● **What you should do**: In the entries below, the word "Lounge" appears on some lines. Copy each of those lines.

(Entries supplied begins)

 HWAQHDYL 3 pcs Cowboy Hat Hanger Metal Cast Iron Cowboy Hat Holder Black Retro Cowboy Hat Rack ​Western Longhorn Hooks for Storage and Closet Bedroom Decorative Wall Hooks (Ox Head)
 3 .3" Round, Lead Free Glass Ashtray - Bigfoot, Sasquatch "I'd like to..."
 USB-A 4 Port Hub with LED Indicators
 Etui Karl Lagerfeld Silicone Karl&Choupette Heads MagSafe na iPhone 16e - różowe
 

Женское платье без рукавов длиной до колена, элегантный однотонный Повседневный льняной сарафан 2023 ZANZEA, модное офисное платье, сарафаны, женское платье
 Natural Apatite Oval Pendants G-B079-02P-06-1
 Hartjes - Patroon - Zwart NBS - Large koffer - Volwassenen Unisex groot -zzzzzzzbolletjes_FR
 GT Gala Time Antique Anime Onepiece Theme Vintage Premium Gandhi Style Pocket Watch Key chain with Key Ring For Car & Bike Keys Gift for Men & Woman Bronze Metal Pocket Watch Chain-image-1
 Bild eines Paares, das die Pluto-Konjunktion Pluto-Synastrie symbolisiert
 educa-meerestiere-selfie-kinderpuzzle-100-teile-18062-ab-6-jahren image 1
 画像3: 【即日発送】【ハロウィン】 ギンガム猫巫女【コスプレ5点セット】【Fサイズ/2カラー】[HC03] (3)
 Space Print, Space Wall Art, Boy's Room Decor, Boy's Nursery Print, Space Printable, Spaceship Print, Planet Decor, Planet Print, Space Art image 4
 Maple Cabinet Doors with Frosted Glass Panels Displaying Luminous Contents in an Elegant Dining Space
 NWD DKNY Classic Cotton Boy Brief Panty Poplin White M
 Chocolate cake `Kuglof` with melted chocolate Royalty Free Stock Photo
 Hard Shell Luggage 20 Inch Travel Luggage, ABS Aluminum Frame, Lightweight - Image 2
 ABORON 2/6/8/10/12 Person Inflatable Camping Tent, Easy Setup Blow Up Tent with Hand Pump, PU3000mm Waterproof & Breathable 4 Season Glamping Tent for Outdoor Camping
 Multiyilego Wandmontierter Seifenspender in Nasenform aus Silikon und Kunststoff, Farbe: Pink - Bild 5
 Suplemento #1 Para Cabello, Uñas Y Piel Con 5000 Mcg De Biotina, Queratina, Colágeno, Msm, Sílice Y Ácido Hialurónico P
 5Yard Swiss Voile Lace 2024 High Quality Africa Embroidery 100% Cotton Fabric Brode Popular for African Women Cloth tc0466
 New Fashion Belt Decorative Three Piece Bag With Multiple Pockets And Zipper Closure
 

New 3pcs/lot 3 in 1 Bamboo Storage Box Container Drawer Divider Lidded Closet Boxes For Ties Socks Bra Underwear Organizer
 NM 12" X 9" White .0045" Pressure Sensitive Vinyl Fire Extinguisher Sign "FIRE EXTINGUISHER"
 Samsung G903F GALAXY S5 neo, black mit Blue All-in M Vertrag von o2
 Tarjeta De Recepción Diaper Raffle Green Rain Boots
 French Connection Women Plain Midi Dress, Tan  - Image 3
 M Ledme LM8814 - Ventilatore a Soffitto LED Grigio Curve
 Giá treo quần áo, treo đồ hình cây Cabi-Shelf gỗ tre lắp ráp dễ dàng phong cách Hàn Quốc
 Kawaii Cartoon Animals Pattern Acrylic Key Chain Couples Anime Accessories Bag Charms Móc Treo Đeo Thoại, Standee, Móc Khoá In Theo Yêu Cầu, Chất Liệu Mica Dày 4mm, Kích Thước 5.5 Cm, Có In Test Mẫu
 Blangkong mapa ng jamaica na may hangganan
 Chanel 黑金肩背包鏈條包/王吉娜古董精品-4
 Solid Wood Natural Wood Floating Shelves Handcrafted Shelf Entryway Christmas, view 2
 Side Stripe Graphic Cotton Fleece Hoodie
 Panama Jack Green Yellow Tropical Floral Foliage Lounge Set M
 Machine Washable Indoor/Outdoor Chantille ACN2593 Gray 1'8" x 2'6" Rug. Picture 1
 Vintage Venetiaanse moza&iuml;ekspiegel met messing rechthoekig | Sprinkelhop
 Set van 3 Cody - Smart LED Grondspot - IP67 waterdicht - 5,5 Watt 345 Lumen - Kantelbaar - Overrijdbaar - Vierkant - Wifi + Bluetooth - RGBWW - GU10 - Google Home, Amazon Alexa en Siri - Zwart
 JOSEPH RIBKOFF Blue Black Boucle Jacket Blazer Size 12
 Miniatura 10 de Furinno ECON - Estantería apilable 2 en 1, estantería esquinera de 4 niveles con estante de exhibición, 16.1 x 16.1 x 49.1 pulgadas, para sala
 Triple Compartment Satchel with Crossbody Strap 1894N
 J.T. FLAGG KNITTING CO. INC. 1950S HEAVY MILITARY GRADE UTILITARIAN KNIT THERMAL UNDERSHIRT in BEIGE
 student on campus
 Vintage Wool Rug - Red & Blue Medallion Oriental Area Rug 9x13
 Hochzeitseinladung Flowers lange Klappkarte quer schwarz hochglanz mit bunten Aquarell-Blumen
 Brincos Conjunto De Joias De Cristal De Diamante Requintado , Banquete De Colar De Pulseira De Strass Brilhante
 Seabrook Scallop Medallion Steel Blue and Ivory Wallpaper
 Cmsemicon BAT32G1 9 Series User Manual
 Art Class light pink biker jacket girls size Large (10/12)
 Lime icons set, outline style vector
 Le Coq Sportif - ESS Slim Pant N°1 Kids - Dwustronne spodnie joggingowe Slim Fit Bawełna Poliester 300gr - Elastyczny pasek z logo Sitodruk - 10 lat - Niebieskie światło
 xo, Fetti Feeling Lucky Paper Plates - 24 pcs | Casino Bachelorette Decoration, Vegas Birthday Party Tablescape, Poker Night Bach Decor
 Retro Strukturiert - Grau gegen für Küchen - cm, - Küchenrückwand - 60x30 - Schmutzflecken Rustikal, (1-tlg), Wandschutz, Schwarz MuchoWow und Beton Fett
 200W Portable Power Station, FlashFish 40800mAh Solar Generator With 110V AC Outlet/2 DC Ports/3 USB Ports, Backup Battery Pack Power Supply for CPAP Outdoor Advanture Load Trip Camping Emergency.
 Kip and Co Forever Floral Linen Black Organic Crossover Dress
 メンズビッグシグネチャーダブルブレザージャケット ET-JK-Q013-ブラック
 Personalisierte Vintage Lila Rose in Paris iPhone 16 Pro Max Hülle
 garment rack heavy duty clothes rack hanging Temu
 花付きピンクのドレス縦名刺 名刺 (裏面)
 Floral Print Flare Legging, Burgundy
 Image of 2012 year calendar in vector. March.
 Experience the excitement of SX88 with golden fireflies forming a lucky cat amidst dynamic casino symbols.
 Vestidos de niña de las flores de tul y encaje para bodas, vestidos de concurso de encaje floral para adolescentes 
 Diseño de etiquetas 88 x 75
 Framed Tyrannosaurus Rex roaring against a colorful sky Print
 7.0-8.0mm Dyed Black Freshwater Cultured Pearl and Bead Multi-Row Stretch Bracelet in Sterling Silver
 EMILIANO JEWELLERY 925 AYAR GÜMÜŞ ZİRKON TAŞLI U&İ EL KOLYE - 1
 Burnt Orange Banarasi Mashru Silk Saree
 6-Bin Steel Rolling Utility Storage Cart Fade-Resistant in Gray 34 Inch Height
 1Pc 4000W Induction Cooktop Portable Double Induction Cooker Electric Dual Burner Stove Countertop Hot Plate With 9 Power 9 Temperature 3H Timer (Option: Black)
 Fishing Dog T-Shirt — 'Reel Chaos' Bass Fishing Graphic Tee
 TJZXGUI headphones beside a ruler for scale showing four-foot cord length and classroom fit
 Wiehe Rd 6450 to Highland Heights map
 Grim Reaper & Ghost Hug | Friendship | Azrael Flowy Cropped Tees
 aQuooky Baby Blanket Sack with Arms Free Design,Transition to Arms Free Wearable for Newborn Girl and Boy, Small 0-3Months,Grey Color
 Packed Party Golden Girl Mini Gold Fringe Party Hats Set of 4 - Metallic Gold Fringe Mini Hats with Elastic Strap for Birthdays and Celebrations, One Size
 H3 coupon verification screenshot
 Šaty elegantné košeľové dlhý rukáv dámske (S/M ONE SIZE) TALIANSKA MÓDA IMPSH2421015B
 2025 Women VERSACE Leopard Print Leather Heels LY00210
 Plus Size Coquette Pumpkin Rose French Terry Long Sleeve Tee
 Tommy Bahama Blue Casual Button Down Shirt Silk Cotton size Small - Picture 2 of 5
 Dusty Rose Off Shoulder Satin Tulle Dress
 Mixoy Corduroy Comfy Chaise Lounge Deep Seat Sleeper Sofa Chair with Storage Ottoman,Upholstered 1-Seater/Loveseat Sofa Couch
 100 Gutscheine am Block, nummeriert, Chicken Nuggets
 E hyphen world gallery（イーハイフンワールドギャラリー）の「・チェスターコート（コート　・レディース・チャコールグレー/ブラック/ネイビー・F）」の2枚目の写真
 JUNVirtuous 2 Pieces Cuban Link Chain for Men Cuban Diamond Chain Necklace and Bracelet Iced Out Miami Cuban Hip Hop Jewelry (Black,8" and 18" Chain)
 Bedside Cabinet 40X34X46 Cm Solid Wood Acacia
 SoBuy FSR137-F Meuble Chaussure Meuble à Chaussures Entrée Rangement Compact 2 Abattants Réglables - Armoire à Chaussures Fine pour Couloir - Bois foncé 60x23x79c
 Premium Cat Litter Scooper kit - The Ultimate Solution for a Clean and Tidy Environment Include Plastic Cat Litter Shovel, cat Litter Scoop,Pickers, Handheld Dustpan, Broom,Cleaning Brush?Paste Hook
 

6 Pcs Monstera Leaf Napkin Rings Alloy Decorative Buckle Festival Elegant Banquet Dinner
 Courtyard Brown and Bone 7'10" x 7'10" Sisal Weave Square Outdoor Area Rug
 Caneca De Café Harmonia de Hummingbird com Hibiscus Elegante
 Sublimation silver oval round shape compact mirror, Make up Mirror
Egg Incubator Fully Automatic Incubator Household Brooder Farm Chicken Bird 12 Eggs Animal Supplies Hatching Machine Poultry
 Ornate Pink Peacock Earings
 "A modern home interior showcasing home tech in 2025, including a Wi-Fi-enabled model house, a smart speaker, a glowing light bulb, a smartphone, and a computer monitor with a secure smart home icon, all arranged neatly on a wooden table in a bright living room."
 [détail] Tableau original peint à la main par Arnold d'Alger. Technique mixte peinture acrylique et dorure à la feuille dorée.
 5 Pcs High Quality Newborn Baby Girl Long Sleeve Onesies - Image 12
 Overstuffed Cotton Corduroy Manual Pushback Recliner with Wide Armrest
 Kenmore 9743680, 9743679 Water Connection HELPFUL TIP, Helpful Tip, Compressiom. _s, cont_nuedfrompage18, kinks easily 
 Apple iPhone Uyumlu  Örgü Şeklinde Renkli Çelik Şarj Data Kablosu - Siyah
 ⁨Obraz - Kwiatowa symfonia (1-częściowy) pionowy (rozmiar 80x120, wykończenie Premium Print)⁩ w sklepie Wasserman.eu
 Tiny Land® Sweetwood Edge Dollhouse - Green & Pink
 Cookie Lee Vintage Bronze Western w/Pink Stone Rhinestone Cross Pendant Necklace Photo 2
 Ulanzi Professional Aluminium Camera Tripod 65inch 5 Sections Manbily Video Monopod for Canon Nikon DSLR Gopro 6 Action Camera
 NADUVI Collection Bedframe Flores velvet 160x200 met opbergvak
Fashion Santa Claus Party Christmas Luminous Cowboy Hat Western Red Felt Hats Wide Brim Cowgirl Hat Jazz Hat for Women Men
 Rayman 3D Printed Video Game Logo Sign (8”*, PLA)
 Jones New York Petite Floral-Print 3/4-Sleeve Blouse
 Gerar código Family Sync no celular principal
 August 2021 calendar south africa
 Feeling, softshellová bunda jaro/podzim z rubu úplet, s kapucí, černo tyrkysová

(Entries supplied ends)

● **Task response**:
 Panama Jack Green Yellow Tropical Floral Foliage Lounge Set M
 Mixoy Corduroy Comfy Chaise Lounge Deep Seat Sleeper Sofa Chair with Storage Ottoman,Upholstered 1-Seater/Loveseat Sofa Couch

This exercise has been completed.